Since last autumn we’ve seen “huge droughts” in Spain and Portugal and the same phenomenon has spread to southern France, Lambert said. But “what is unusual this season is that drought is affecting regions north of the Loire”, the river that divides southern and northern France.
‘The water tables couldn’t be filled’
The French agriculture ministry is all too aware of the crisis. “Winter crops such as wheat and barley, currently growing [before cultivation later on], are starting to experience conditions that will affect yields,” a spokesperson said. The hot and dry weather France has seen over the past few weeks could also affect spring crops like corn, sunflower and beet – as well as the fodder needed to feed livestock.
Drought will not only undermine the food supply but has effects further afield. “As well as farming, drought has a huge impact on a lot of other things – like buildings,” warned hydrologist Emma Haziza. “We’re seeing more and more houses collapsing. This is unprecedented in France. The damage droughts create is more expensive to deal with than [the consequences of] floods and it will have huge long-term economic consequences.”
France’s energy flows could also be affected. “What’s more, drought has a negative impact on energy production, as nuclear power plants need a lot of water to cool the reactors.”
A rise in temperatures this April – even after the first day of the month saw snowfall in France – caused a 25 percent drop in rainfall from normal patterns. This heatwave is “remarkable in terms of how early it is, how long it is lasting, and how widespread it is geographically”, France’s Meteorological Office said.
Combined with unusually low rainfall last winter, these conditions have produced the current drought: A deficit of rain over two successive seasons meant “the water tables couldn’t be filled”, Haziza said.
“So very quickly we ended up in a critical situation – before summer has even started.”
For Haziza, who studies how water is distributed and circulated around the planet, the reasons for the current shortage are clear.
“The lack of rain is directly caused by climate change; there’s no doubt about that,” she said. “Drought is one of the first consequences we can see. As things stand, this phenomenon is occurring sooner and sooner and becomes more widespread every year.”
Indeed, this is the first time France has endured what meteorologists call a “flash drought” – a phenomenon usually experienced by countries that are more hot and arid, with soil and crops drying up in just five days.
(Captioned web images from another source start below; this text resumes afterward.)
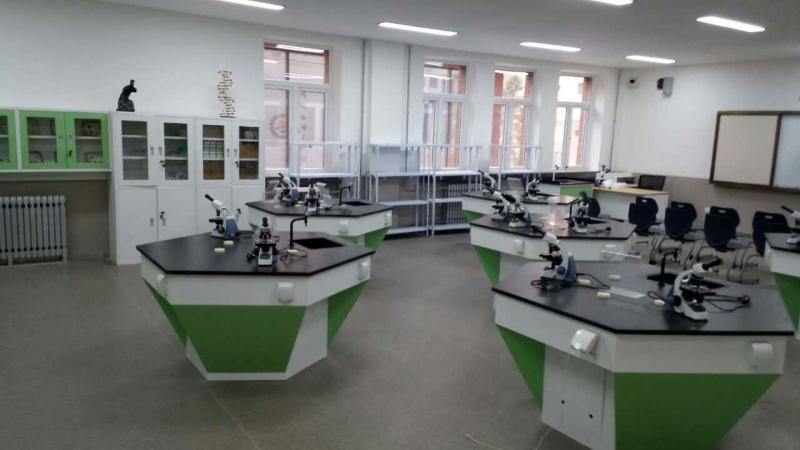 University experiment bench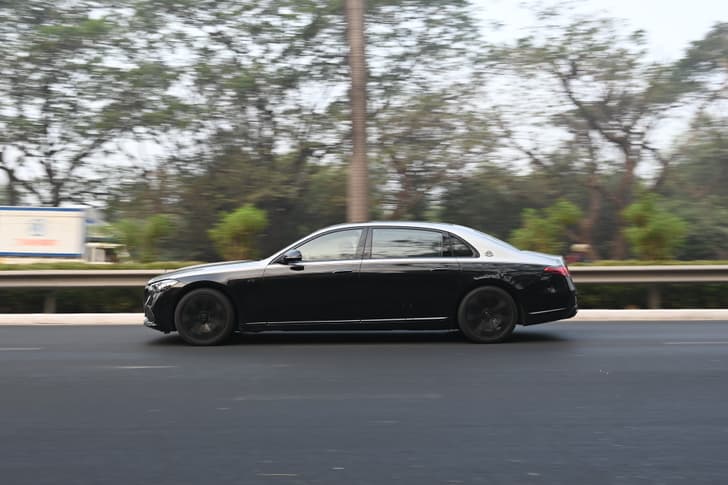 Color Black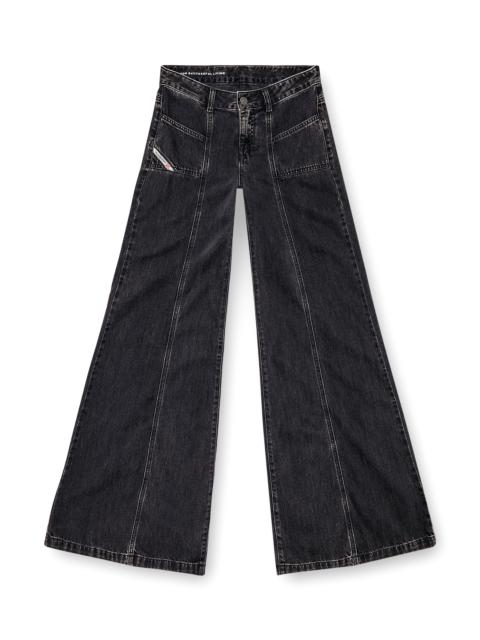 BOOTCUT AND FLARE JEANS D-AKII 068HN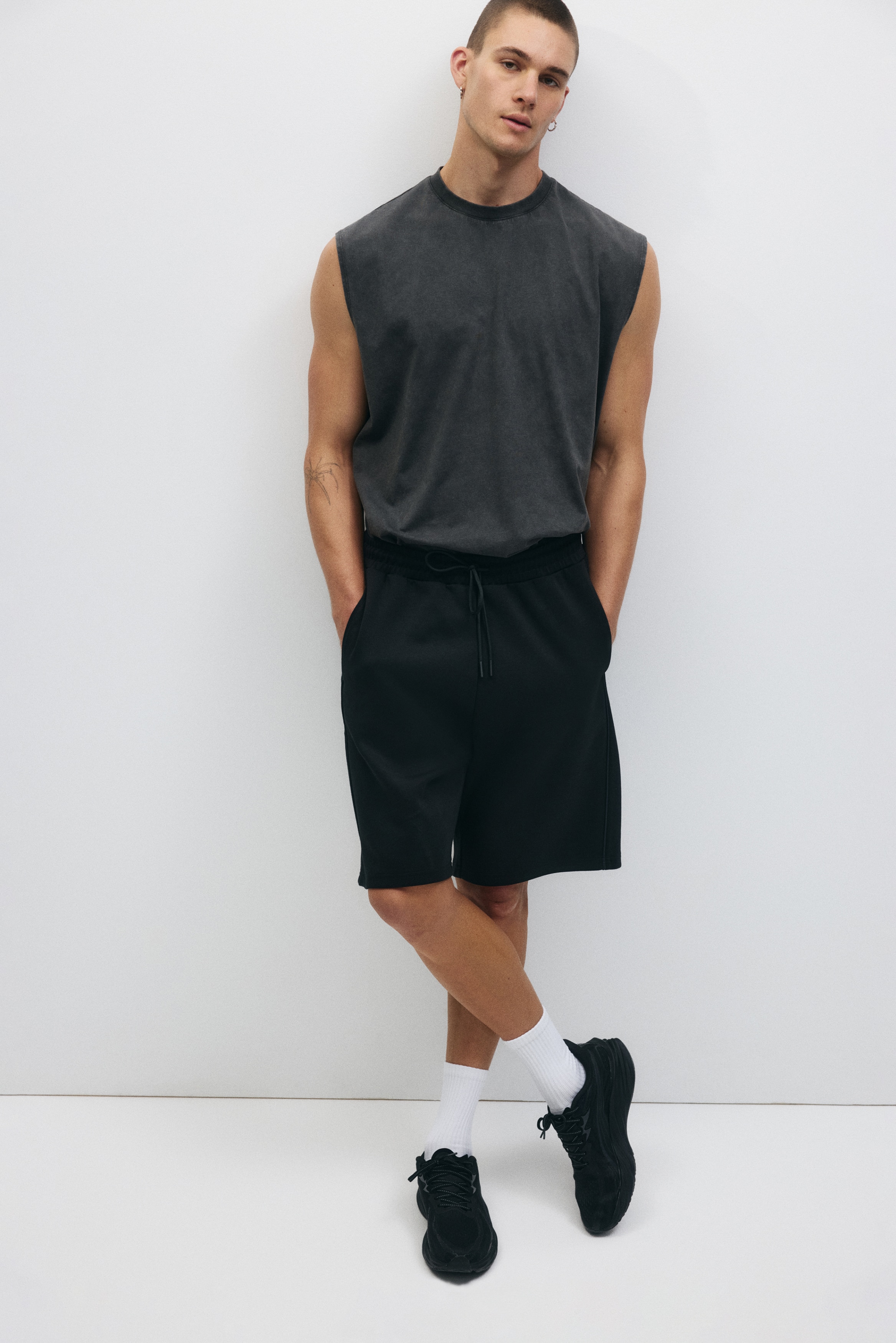 ルーズフィット スポーツショートパンツ DryMove™ - ブラック/ベージュ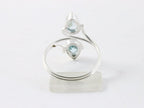 Fijne zilveren ring met blauwe topaas afbeelding 3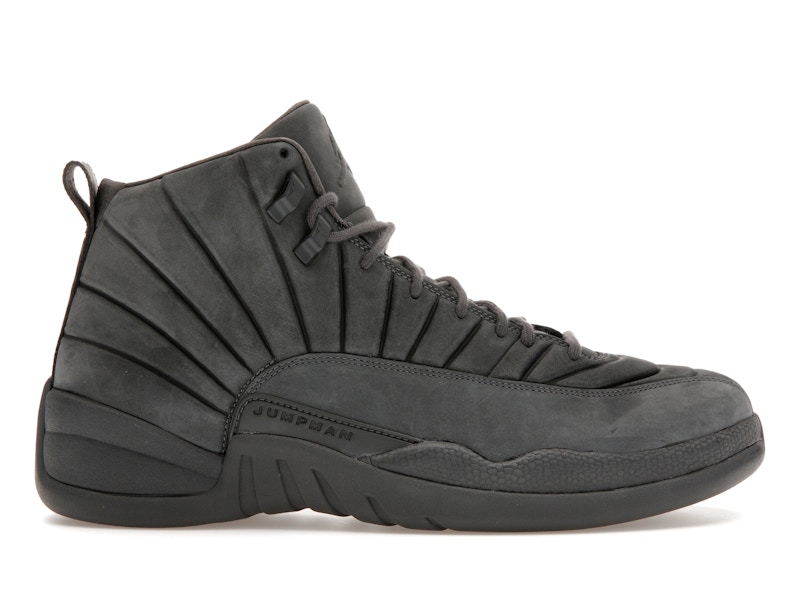 Jordan 12 kaws store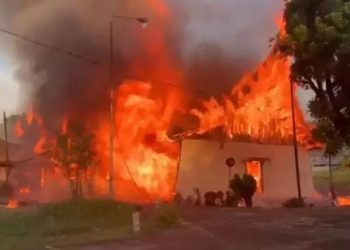 Gedung Eks Pabrik Tekstil PT Sumatex Subur di Padang Ludes Terbakar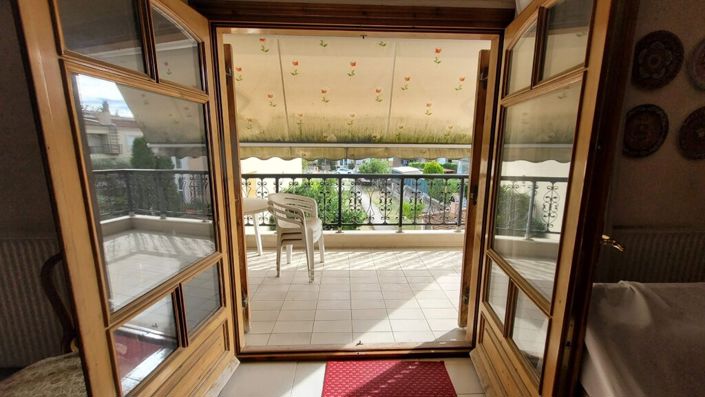 Image No.27-5 Bed Maisonette for sale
‘Spiraling out of control’
Drought has hit some regions particularly badly – especially in southeastern France, the east of the country and the Poitou-Charentes region in the west. “Some regions’ water tables manage to fill up easily while others don’t,” Haziza said. “But now, even regions that thought they wouldn’t have a drought, like northern France – not to mention large parts of northern Europe, including Belgium – are beginning to suffer from its effects.”
By imposing restrictions on those 15 départements, the French government is managing the crisis – but remains far from tackling its root cause. The measures vary by département – from banning people watering gardens or fields at specific times to a total ban on using water for washing your car.
After talks with France’s water companies and farmers’ representatives, the agriculture ministry announced that the Third Agricultural Revolution, a fund launched in April aimed at helping farmers deal with climate change, will be doubled to €40 million.
The French government also announced in late April that water companies could spend an extra €100 million to help farmers adapt to climate change or to create new reservoirs.
France has done better than most developed countries at responding to the threat of climate change, and began transitioning away from fossil fuels to nuclear power in the 1970s. President Emmanuel Macron has recently reiterated his support for nuclear energy.
Even so, measures aimed at dealing with the current drought are nothing compared to the forces of climate change driving it. France must make long-term changes to its agricultural model, Haziza said, including a shift from its current production-oriented paradigm – which fuels the drought problem by driving deforestation.
“The whole system is spiralling out of control,” she said. “We’re running head on into climate change.”
This article was translated from the original in French.